• Goal of the exercise
In the records below, reproduce exactly the lines from the one containing "The air then" through the one containing "At Ulta they", both included, and omit the pictures.

• Material to process
- - - -

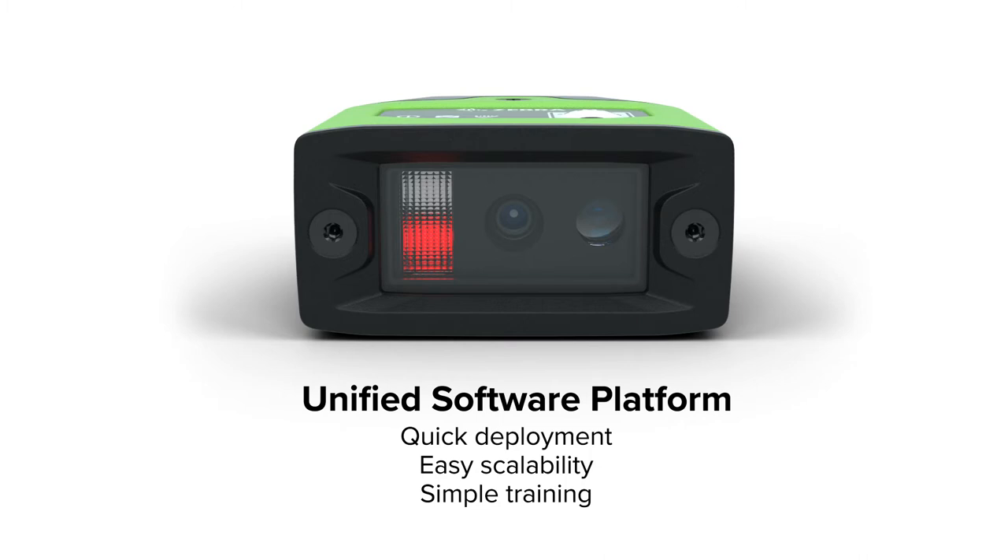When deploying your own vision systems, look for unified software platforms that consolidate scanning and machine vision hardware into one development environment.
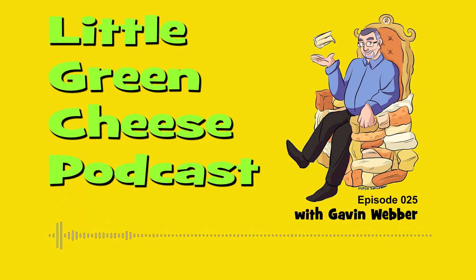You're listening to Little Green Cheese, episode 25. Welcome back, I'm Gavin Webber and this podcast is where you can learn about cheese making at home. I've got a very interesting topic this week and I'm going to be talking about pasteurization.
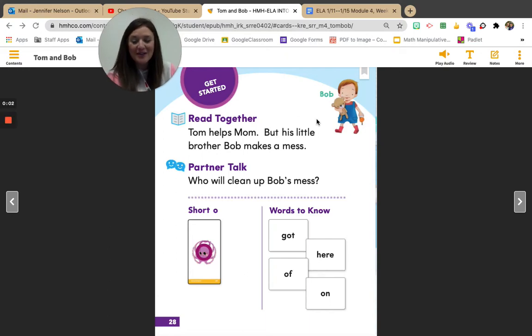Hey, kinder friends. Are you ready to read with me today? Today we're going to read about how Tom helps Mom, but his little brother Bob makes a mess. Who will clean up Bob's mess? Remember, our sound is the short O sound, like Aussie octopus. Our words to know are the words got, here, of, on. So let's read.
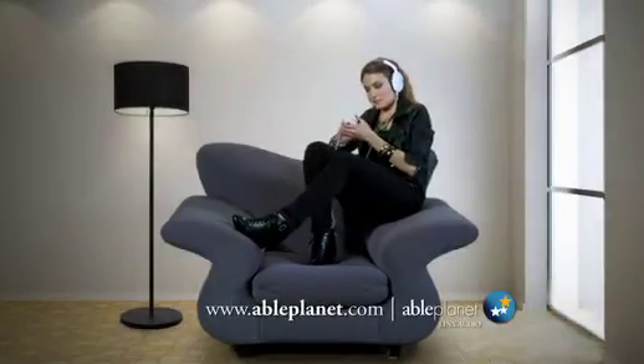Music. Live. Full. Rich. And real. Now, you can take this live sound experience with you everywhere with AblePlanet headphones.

- - - -

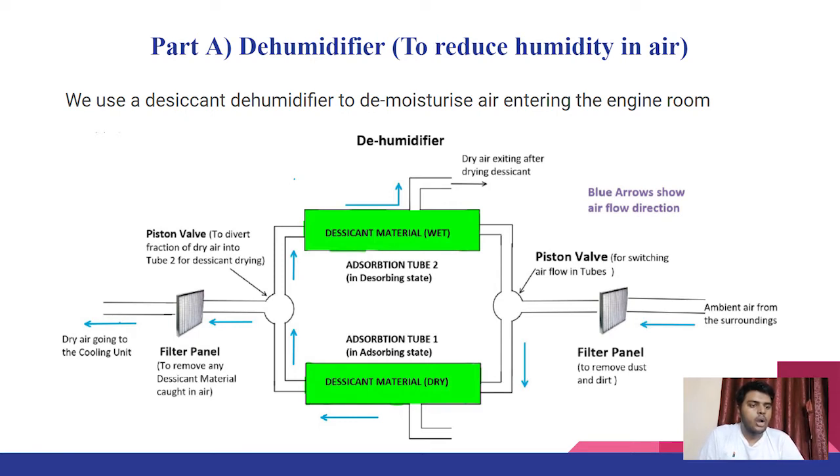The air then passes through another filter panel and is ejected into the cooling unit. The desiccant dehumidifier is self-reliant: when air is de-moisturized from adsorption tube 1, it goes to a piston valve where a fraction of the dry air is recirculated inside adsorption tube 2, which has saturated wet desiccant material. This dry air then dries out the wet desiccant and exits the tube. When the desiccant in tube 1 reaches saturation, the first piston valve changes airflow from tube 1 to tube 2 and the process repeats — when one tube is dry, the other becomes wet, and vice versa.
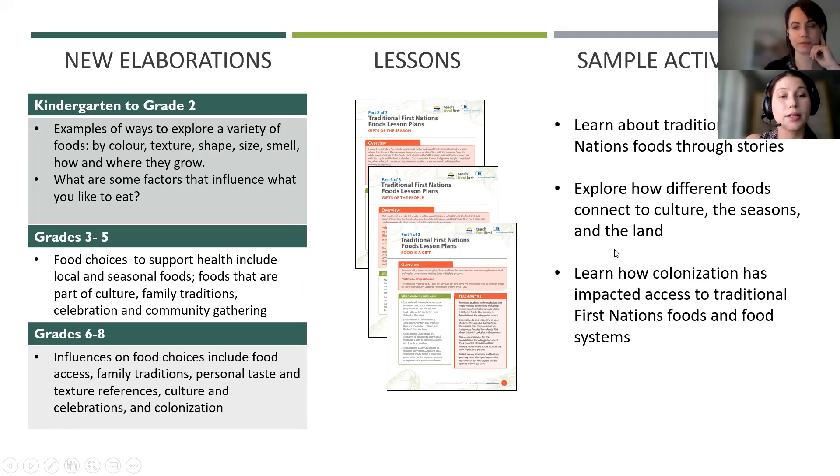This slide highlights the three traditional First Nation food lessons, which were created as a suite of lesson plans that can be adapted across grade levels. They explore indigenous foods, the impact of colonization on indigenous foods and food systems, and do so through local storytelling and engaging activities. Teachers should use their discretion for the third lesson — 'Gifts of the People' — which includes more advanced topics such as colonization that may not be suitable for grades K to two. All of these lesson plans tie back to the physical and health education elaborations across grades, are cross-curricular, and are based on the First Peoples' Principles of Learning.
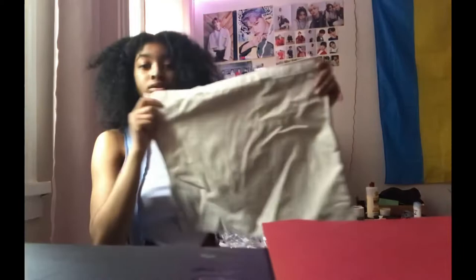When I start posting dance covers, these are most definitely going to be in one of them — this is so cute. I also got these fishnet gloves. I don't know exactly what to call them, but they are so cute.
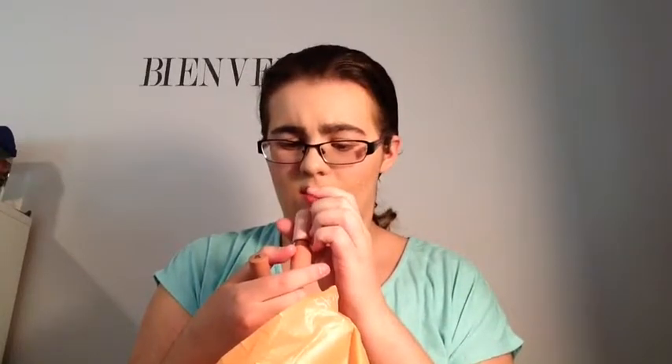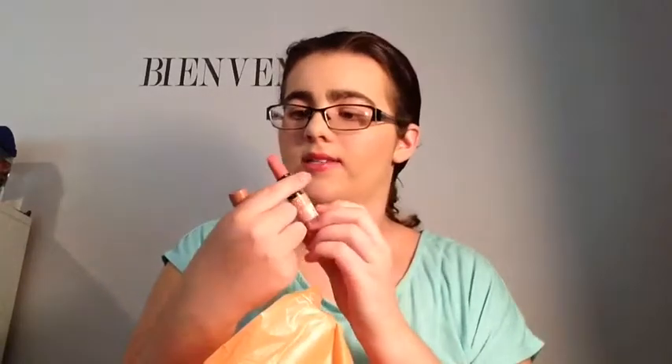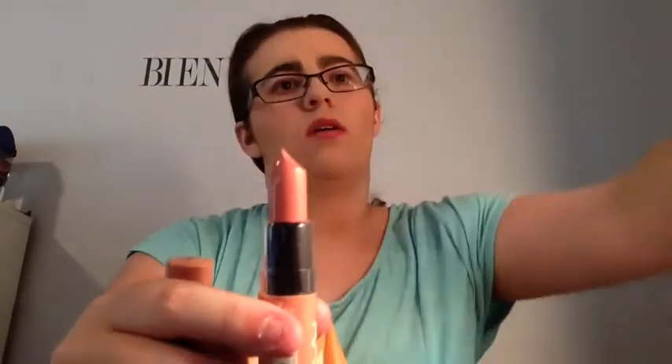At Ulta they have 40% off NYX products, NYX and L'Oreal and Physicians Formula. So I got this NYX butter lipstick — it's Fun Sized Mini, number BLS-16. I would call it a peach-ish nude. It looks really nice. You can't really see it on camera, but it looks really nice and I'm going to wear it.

- - - -

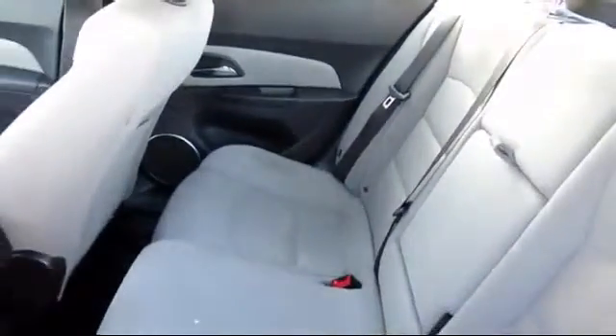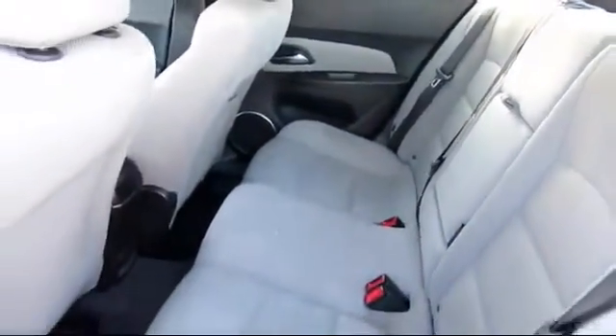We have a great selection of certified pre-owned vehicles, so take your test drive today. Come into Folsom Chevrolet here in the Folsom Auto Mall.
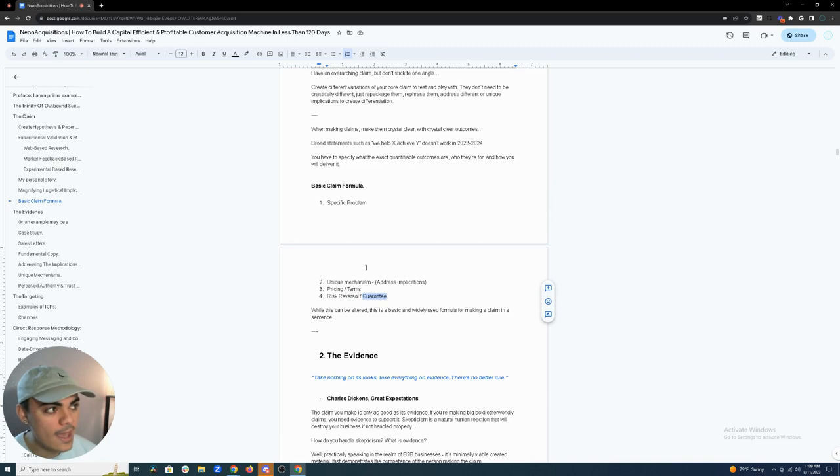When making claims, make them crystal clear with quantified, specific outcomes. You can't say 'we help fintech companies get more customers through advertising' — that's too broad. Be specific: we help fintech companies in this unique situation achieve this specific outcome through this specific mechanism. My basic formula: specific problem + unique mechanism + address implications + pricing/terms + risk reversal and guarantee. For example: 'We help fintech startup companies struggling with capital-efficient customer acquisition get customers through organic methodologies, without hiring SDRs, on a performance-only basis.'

- - - -

• Written answer
The air then passes through another filter panel and is ejected into the cooling unit. The desiccant dehumidifier is self-reliant: when air is de-moisturized from adsorption tube 1, it goes to a piston valve where a fraction of the dry air is recirculated inside adsorption tube 2, which has saturated wet desiccant material. This dry air then dries out the wet desiccant and exits the tube. When the desiccant in tube 1 reaches saturation, the first piston valve changes airflow from tube 1 to tube 2 and the process repeats — when one tube is dry, the other becomes wet, and vice versa.
This slide highlights the three traditional First Nation food lessons, which were created as a suite of lesson plans that can be adapted across grade levels. They explore indigenous foods, the impact of colonization on indigenous foods and food systems, and do so through local storytelling and engaging activities. Teachers should use their discretion for the third lesson — 'Gifts of the People' — which includes more advanced topics such as colonization that may not be suitable for grades K to two. All of these lesson plans tie back to the physical and health education elaborations across grades, are cross-curricular, and are based on the First Peoples' Principles of Learning.
When I start posting dance covers, these are most definitely going to be in one of them — this is so cute. I also got these fishnet gloves. I don't know exactly what to call them, but they are so cute.
At Ulta they have 40% off NYX products, NYX and L'Oreal and Physicians Formula. So I got this NYX butter lipstick — it's Fun Sized Mini, number BLS-16. I would call it a peach-ish nude. It looks really nice. You can't really see it on camera, but it looks really nice and I'm going to wear it.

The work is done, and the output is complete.